## data visualizations with plotly,seaborn,matplotlib

In [None]:
import pandas as pd
import numpy as np
import tensorflow as tf

import matplotlib.pyplot as plt
plt.style.use('ggplot')          # python visualization package
plt.rcParams['figure.dpi']=300   # the resolution in dots per inch
import missingno as msno
import seaborn as sns
sns.set_palette('husl')

import plotly.express as px
import plotly.graph_objs as go
import plotly.offline as pof                   #plotting offline
from plotly.subplots import make_subplots




In [None]:
from tensorflow.python.client import device_lib

device_lib.list_local_devices()

### let's view the data 

In [None]:
df=pd.read_csv('../input/amazon-top-50-bestselling-books-2009-2019/bestsellers with categories.csv')
df.head()

In [None]:
df.describe()    #statistics of columns

In [None]:
df.info()

### Visualizations

In [None]:
msno.matrix(df,sort="descending", figsize=(8,4))   # graph plots the non-null values

In [None]:
s=df['Name'][df.duplicated(subset=['Name'])==True].value_counts() # duplicate books present
s

In [None]:
#pie plot of top 10 books repeating with maximum count

list_names=df['Name'][df.duplicated(subset=['Name'])==True].value_counts().sort_values(ascending=False)[:10]

names=list(list_names.index)
list_names_count=list(list_names.values)

plt.pie(list_names_count,labels=names)
# plt.pie(list_names,labels=list_names.index)

In [None]:
df=df.drop_duplicates(subset=['Name'])  ## dropping duplicate books
df.head()

In [None]:
df.info()

In [None]:
s=df['User Rating'].value_counts() #### Ratings Count
s

In [None]:
## ratings

graph1=go.Bar(x=list(s.index),y=list(s.values),marker=dict(color='rgb(255,165,0)',line=dict(color='rgb(255,165,0)',width=1.5)))
layout=go.Layout(template="plotly_dark",title='rating count',xaxis=dict(title='ratings'),yaxis=dict(title='counts'))

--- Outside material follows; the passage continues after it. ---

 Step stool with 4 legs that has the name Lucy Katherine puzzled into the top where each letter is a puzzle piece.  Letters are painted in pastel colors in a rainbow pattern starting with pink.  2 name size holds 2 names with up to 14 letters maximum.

fig=go.Figure(data=[graph1],layout=layout)
fig.show()

In [None]:
# px.bar(df['User Rating'].value_counts().reset_index(),x='index',y='User Rating',title='rating count')
##better use graph objects in plotly for manual labelling

In [None]:
# ### top 10 authors with most numbers of books

t=df['Author'].value_counts()[:10]
t.head(10)

In [None]:
def pie_plot():
    graph2=go.Pie(values=t.values,labels=t.index,title='top 10 authors',hoverinfo='percent+value', 
                  textinfo='percent',textposition='inside',hole=0.8,showlegend=True)
    fig=go.Figure(data=[graph2])
    fig.show()

pie_plot()

In [None]:
## books vs reviews
# Top 10 books with reviews

c=df.sort_values(by='Reviews',ascending=False)[:10][['Name','Reviews']]
c.head()

In [None]:
graph3=go.Bar(x=c.Name,y=c.Reviews,marker=dict(color='rgb(255,165,0)',line=dict(color='rgb(255,165,0)',width=1.5)))
layout=go.Layout(title='Top 10 books with reviews',xaxis=dict(title='book name'),yaxis=dict(title='reviews'),width=1000,height=1000)
fig=go.Figure(data=[graph3],layout=layout)
fig.show()


In [None]:
### price visualization
# creating bins of prices
bins=pd.qcut(df.Price,10)
bins

In [None]:
t=df[['Name','Price']]
t['bins']=bins
t.head()

In [None]:
# prices
plt.figure(figsize=(5,5))
plt.hist(t['Price'].values,bins=10)

In [None]:
## Years with number of books published
sns.set(rc={'figure.figsize': (10,8)})
sns.countplot(df.Year)

In [None]:
### Genre vs user Ratings
t=df[['Genre','User Rating']].groupby('Genre')['User Rating'].value_counts()
# fic_counts,non_fic_counts=[t[i] for i in t.index if i[0]=='Fiction'],[t[i] for i in t.index if i[0]=='Non Fiction']
t

In [None]:
## fiction and non-fiction group
f=df[['User Rating']][df['Genre']=='Fiction'].reset_index(drop=True)
nf=df[['User Rating']][df['Genre']=='Non Fiction'].reset_index(drop=True)


In [None]:
## user rating vs fiction visualization
sns.countplot(f['User Rating'])
plt.title('Fiction')
plt.show()

In [None]:
## user rating vs non-fiction visualization

sns.countplot(nf['User Rating'])
plt.title('Non- Fiction')
plt.show()

In [None]:
df.head()

In [None]:
##Total 10 counts of books written by authors

# go.Bar(x=c.Name,y=c.Reviews,marker=dict(color='rgb(255,165,0)',line=dict(color='rgb(255,165,0)',width=1.5)))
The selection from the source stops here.